Aber mit philosophioschen Spielereien auf Sprachebene kommt man bei diesem Thema wohl nicht weiter.
Unser einziges Mittel, diese Oberfläche zu durchdringen und etwas aus der Tiefe an den Tag zu fördern, ist die Sprache – neben den reinen Ausdrucksformen Musik und Kunst, die aber nur katalytisch wirken. Sprache ist das einzige Medium, das durch sein notwendiges Verfehlen Tiefe erzeugt.

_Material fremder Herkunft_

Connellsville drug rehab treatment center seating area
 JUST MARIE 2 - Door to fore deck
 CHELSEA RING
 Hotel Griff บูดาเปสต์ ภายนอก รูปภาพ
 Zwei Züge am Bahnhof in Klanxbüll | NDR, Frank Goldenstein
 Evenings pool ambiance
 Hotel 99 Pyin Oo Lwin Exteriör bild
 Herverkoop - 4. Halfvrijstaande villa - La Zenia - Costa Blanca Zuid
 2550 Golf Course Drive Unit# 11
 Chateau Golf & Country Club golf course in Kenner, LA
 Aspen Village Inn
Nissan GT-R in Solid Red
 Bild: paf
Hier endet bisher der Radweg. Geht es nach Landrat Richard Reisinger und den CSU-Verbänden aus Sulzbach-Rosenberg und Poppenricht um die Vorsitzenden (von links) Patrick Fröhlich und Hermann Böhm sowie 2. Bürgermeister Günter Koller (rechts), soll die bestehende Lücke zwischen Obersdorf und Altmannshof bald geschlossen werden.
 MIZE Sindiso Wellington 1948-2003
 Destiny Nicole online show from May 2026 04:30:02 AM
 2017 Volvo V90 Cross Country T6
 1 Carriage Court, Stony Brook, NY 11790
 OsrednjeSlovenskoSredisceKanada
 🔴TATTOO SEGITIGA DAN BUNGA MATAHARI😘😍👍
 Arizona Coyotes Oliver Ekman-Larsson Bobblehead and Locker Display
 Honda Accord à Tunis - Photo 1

Was ist die Skyline einer Stadt anderes als die geronnene Oberfläche einer Gesellschaft? Sie geht emergent aus aus ihr hervor, ist aber normierbar, formbar, angleichbar – wie die Persona einer Stadt.
Ob diese so ununterscheidbar ist, kann ich nicht beurteilen – dafür bin ich zu wenig Kosmopolit.
Du schreibst: „Nimm alleine die Architektur als Beispiel. (Weiß man noch, wenn man in einem Hotel in einer City aufwacht und auf die Skyline schaut, in welcher Stadt oder welchem Land man sich befindet?)“
Dass man „nicht mehr weiß, wo man ist“, sagt wohl mehr über den Beobachter als über die Stadt selbst.
Die wenigen deutschen Städte, die ich kenne, sind unverwechselbar.
Man findet Homogenität da, wo man sie sucht: funktionale Räume wie Einkaufszentren, Flughäfen, Ferienresorts etc. Dort ist Homogenität die Funktion. Es handelt sich um eine selektive Wahrnehmung, die Substanz nicht erkennen kann – daraus den Rückschluss einer Translationsinvarianz zu ziehen, halte ich für unzulässig.
Den Begriff musste ich nachschauen und finde ihn etwas unglücklich gewählt, da nicht die Städte, sondern Ideen räumlich und zeitlich verschoben werden. Der Begriff entspräche im übertragenen Sinn eher der Vorstellung einer Identität, der Beständigkeit des Ichs durch Raum und Zeit, welches dasselbe bleibt.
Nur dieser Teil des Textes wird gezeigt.